Il lungo ciclo ha un finale amaro però. Dopo due stagioni deludenti, Berlusconi richiama il tecnico friulano ma il Capello-bis, “una scelta completamente sbagliata” dirà Boban, naufraga nella finale di Coppa Italia 1998 persa contro la Lazio. È il momento di un'altra rivoluzione. L'uomo giusto, il millennium bug per la stagione 1998-99 è Alberto Zaccheroni.

L'acuto di Zaccheroni e la prima crisi

“La squadra veniva da un undicesimo e un decimo posto con due grandi allenatori” ha raccontato a Futbol su La7 lo scorso luglio. “Non sembrava che ci fossimo rinforzati, visto che avevamo perso giocatori importanti. Erano arrivati Bierhoff e Helveg che molti pensano avessi portato io, invece li aveva portati Capello. Io fui contattato dal Milan a maggio quando erano stati già presi. Poi arrivarono Ambrosini dal Vicenza, Sala e Guglielminpietro“. Trova “un’intesa forte con lo zoccolo duro italiano della squadra composto da Costacurta, Maldini e Albertini“, nelle ultime sette giornate piazza Boban trequartista al posto dell'esausto Leonardo e in un pomeriggio di forti polemiche a Perugia centra il trionfo che segna la sua carriera. Fallita la scommessa Terim, nonostante una super campagna acquisti che porta a Milano Rui Costa (42 milioni) e Inzaghi (37 milioni più il cartellino di Zenoni), il Milan torna padrone d'Italia (2004), d'Europa (2003 e 2007) e del mondo (2007) con Carlo Ancelotti.

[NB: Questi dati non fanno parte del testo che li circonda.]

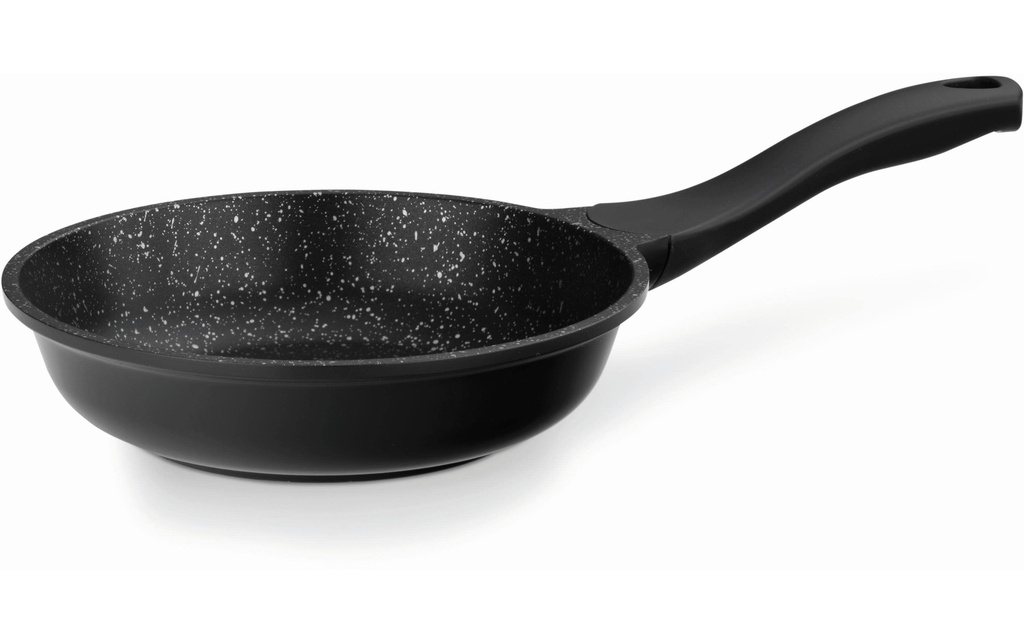 Kela Poêle à frire Stella Nova 20 cm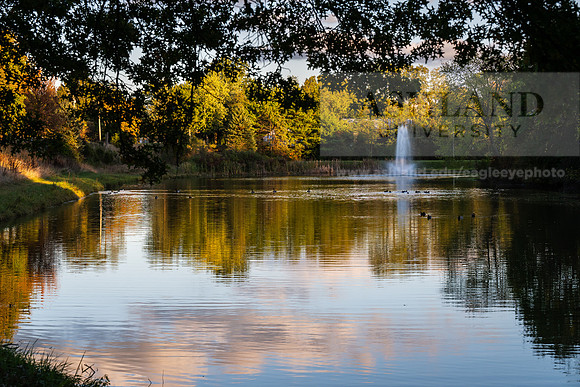 BrooksideParkWest1025AWB_2086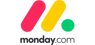 BTIG Research Cuts monday.com  Price Target to $105.00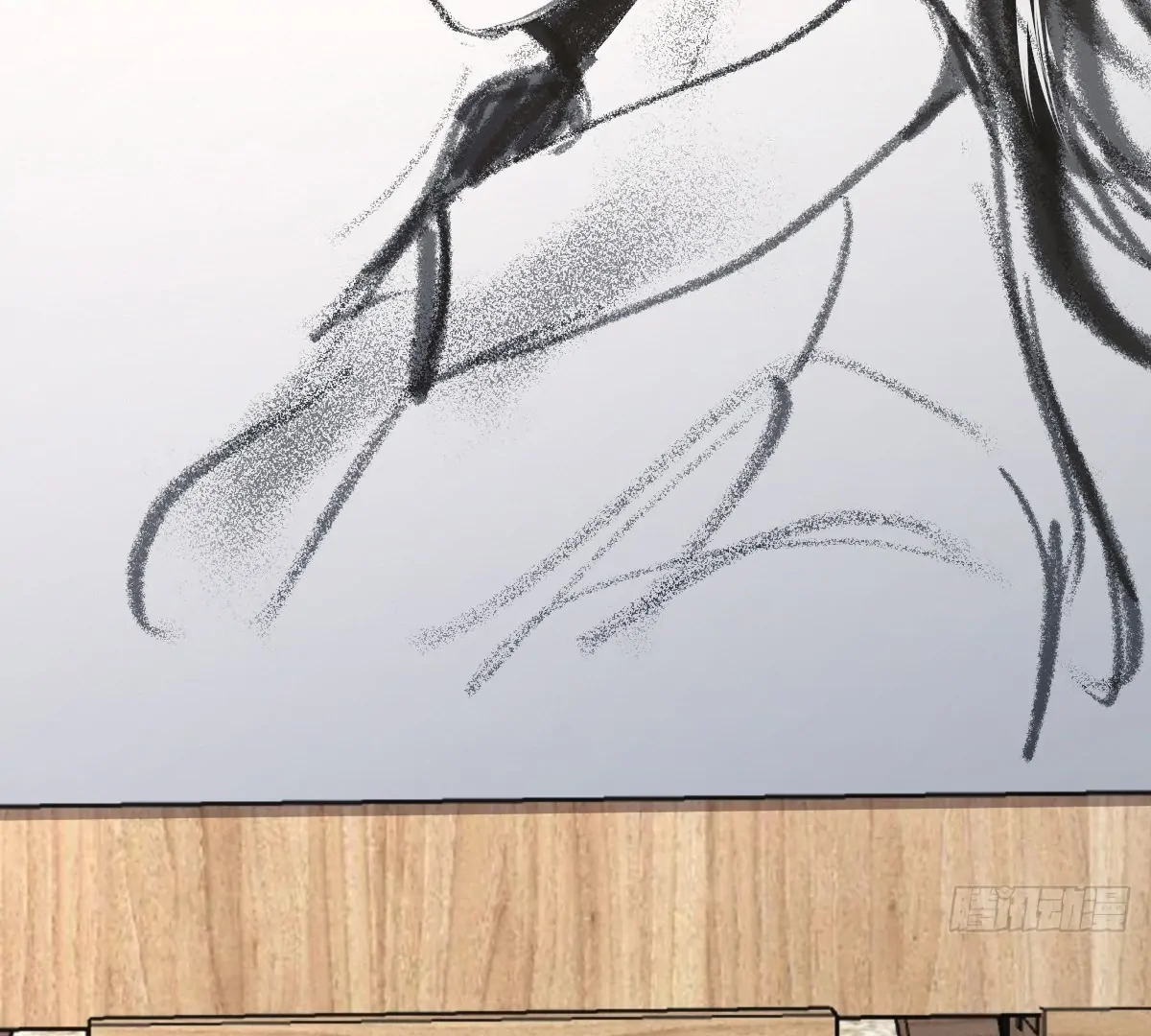My Wife Is From a Thousand Years Ago Chapter 452 page 19 -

Ancelotti, e il Milan torna padrone d'Europa

C'è un momento in cui i rossoneri capiscono di poter tornare una superpotenza del calcio. È il 23 aprile del 2003, è il ritorno dei quarti di Champions contro l'Ajax. Quel pallonetto beffardo di Inzaghi a Lobont, appena corretto sulla linea da Jon Dahl Tomasson, lancia un trionfo europeo segnato dal miracolo di Abbiati su Kallon a tempo scaduto nella semifinale di ritorno contro l'Inter, dalla traversa di Antonio Conte in finale, dal rigore di Shevchenko ala Juventus nella notte di Manchester nel teatro dei sogni per il calcio italiano, mai più così protagonista in Europa. L'ultima finale tutta italiana in Champions e la rivincita di Atene, un altro di quei posti che raccontano una storia, contro il Liverpool dopo la rimonta più incredibile mai subita in una finale europea, testimoniano il ritorno di Berlusconi al suo antico principio, alla vocazione per i grandi nomi e per le grandi cifre, quelle investite via via per Nesta (che torna a rimettere in ordine alla difesa), Rivaldo, Seedorf.

Gli ultimi anni

Dai colpi ad effetto, ma comunque mirati a migliorare la rosa, si passa a Ronaldo, Vieri, Ronaldinho, Beckham. E' l'epifania di quello che verrà, le risorse finanziarie non sono più quelle di una volta e il Milan comincia a non comandare più come prima. Allegri fa comunque in tempo a godersi Zlatan Ibrahimovic che nell'estate del 2011 vince il suo ottavo campionato di fila da miglior marcatore di squadra (21 gol in 41 partita) e allunga la serie l'anno dopo da capocannoniere della serie A (35 in 44 gare), primo e finora unico straniero a vincere questo titolo con due squadre diverse.

È l'ultimo acuto, Muntari o non Muntari, di una squadra che prima dell'era Conte aveva sostituito la Juventus come paradigma del successo nell'immaginario pubblico. Il resto è storia di una battaglia di retroguardia, della voglia di riportare grande il Milan e della paura dell'ininfluenza da allontanare. Perché, come diceva a Gian Antonio Stella, “sulle cronache sportive si parla del Milan di Sacchi, di Alberto Zaccheroni e di Ancelotti, mai del Milan di Berlusconi. Eppure sono io che da anni faccio le formazioni, detto le regole e compro i giocatori. Sembra che io non esista”. E il closing con i cinesi ancora non c'è.